On the other hand, it's been at least 8 years since I last counted test cases as in understanding how many there are in a manual test set, how many of them have been passed and how many failed, and how many yet to be discovered for our list through exploring. To be more precise, it's been 8  years since anyone managed to coerce me to write down a test case, or guide anyone close to me to write them down. Instead, I write test cases into automation and free up majority of my time in freeform exploratory testing. 

It is also 6 years since I last did session based test management, counting sessions or time in functional areas as a means of progress. And even then, I did it for two weeks to prove a point: I was worth trusting to do good testing without paying extra in time to impose a visibility framework of this sort.

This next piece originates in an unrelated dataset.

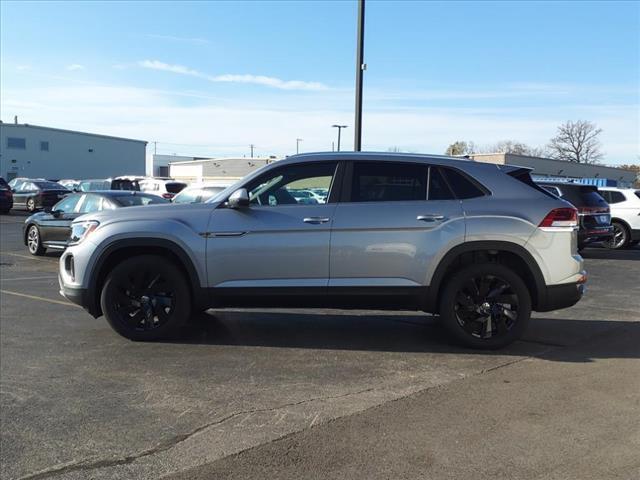 used 2024 Volkswagen Atlas Cross Sport car, priced at $39,800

These became irrelevant to me, as I helped my teams move to continuous delivery. When we manage scope of hours or days instead of weeks or months, the numbers no longer matter. Quality of testing we do matters. And we learn about that as we deliver continuously, carefully tuning so that our customers could forget we ever updated their software. 

I started this post with an idea of examining my views on counting test cases, if I was asked to do them again. With all the experience I have, would I? When would I? And is there anything I would advise to those who still do?

Finding the Least Amount of Meaning

A core principle in testing is one coined by Dijkstra quite a while ago: we can't prove absence of bugs, just show the presence of those. So even if a million test cases passed, the tests that are worthwhile are the ones failing.

Twitter brings me a haha moment:
The image with texts coins the least amount of meaning in counting test cases: counting the ones passed. Counting the ones that did not find bugs. Counting only the ones that pass. Forgetting that each change for the bugs found invalidates the ones already passed introducing a new test target.

Adding More Meaning

Thinking back 8 years for the time I last counted test cases, I remember a futile battle turning into a productive negotiation. I started off with the premise that the way things had always been done - counting passes and failed tests - was a way to take us to bad testing and bad relationship with management. I was faced with the fact that with a 30-days acceptance testing project after multi-year delivery project, no one was comfortable without a way to see how testing was progressing. I couldn't go full on session-based test management. I find that it was a poor choice to replace what was in place with the amount of work needed to ramp up skills of business specialist in the methodology.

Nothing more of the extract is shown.